For Pharell Williams, skincare is a basic tenet of well-being. He believes that engaging in an intentional, daily skincare ritual is part of the essential self-care that keeps each of us thriving. That philosophy is what inspired his gender-inclusive skincare brand, Humanrace.

The name reflects Pharell's core belief that we are all part of the same human race and that every member of that race deserves to take care of themselves the same way. When skincare is relegated to certain types of people or certain genders, people are denied the right to well-being. In his own words, "Humanrace doesn't differentiate by race or gender. We're creating for humans; we are all born in the same skin and Humanrace celebrates this."

Humanrace's carefully and ethically formulated products are designed to work for people with all kinds of skin, regardless of gender.
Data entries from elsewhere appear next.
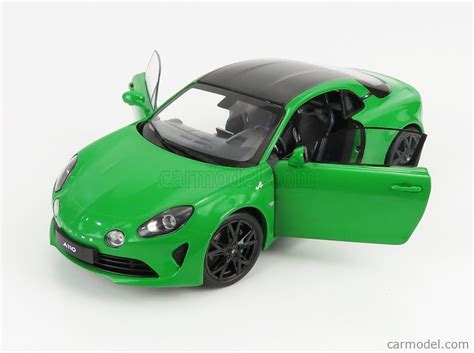 SOLIDO 1801610 Scale 1/18 | RENAULT ALPINE A110 PURE COUPE 2021 - BLACK WHEELS GREEN MET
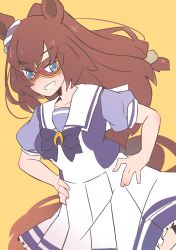 Rule 34 | 1girl, absurdres, animal ears, blue bow, blue eyes, blue shirt, blush, bow, brown hair, collarbone, commentary, el condor pasa (umamusume), eye mask, frilled skirt, frills, grin, hair between eyes, hands on own hips, highres, horse ears, horse girl, horse tail, looking at viewer, maru (hachi 47923), pleated skirt, puffy short sleeves, puffy sleeves, school uniform, shirt, short sleeves, simple background, skirt, smile, solo, symbol-only commentary, tail, tracen school uniform, umamusume, white skirt, yellow background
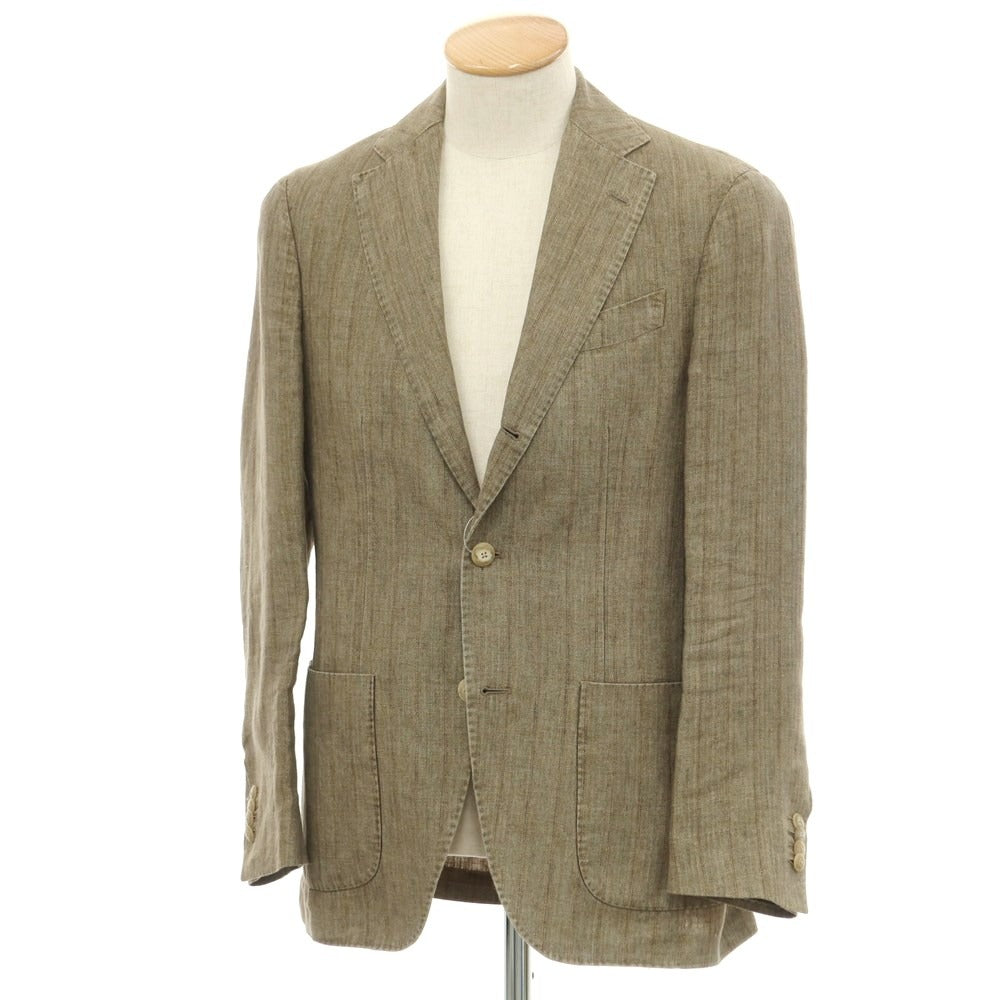 [Used] LARDINI Linen Striped Jacket Grayish Khaki x Brown [44] [Condition Rank C] [Men&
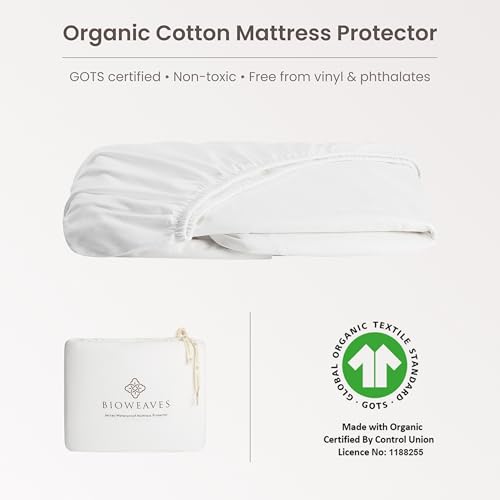 Image of Bioweaves Organic Cotton Jersey Twin Waterproof Mattress Protector Pad |39 inch x 75 inch| GOTS Certified Fitted Mattress Cover with Cotton Skirt, Breathable & Noiseless Top Layer, 17 Inch Deep Pocket, White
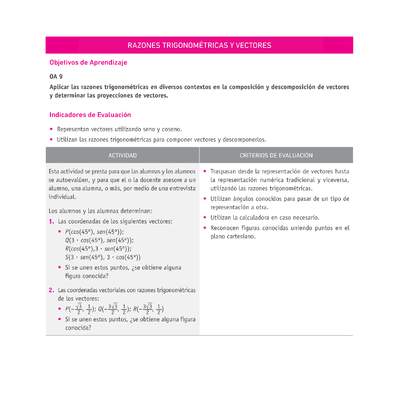 Evaluación Programas - MA2M OA09 - U3 - RAZONES TRIGONOMÉTRICAS Y VECTORES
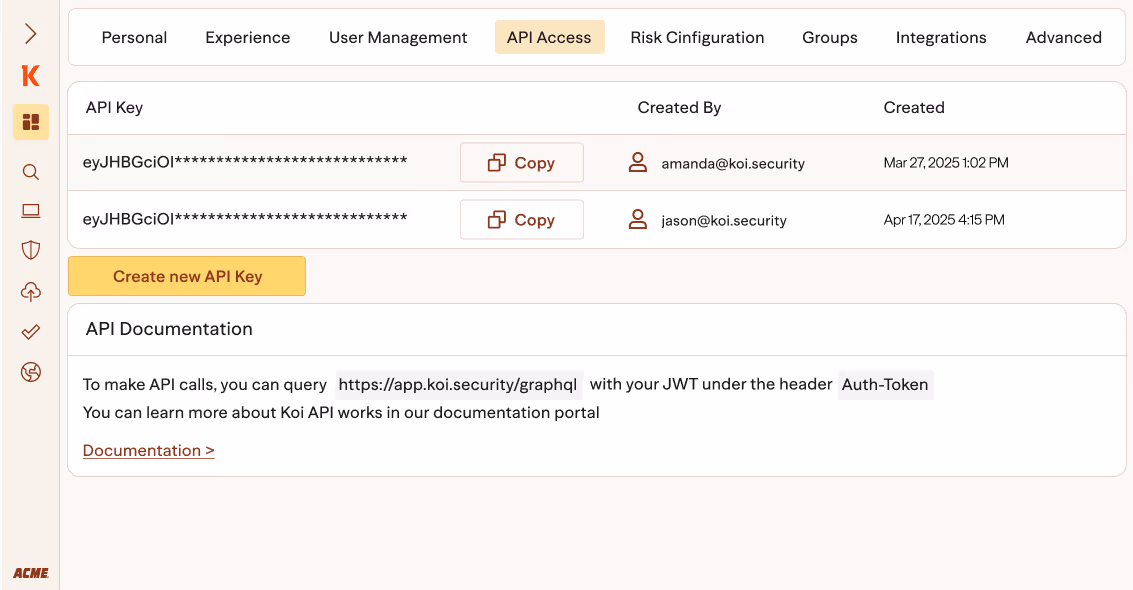 Koi platform API screen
They are also designed to be paired together to create a skincare routine that makes each customer feel like they're devoting time and care toward physical, mental, and emotional health.

Fenty Skin

Rihanna's beauty brand, Fenty, has been transforming the beauty industry since it launched. And in 2020, she furthered that transformation with the launch of Fenty Skin, which she promised would be "the new culture of skincare."

The launch video started like a typical beauty campaign, with gorgeous women of all colors flaunting their perfect skin. Then, about halfway through, Lil Nas X and A$AP Rocky showed up, their skin just as radiant as any of the women's. The video ended with a message about how Fenty Skin would change the way the world thinks about skincare. In an Instagram post announcing the launch, Rihanna wrote, "That's right baby...@fentyskin is for my fellas too! No matter who you are, you deserve to have great skin!"

Rihanna said that she'd always wanted an easy skincare routine that really worked for anyone, but couldn't find one. So, she created it herself. Though gender-inclusive skincare brands were nothing new, Rihanna was one of the first celebrities to launch a gender-inclusive beauty line.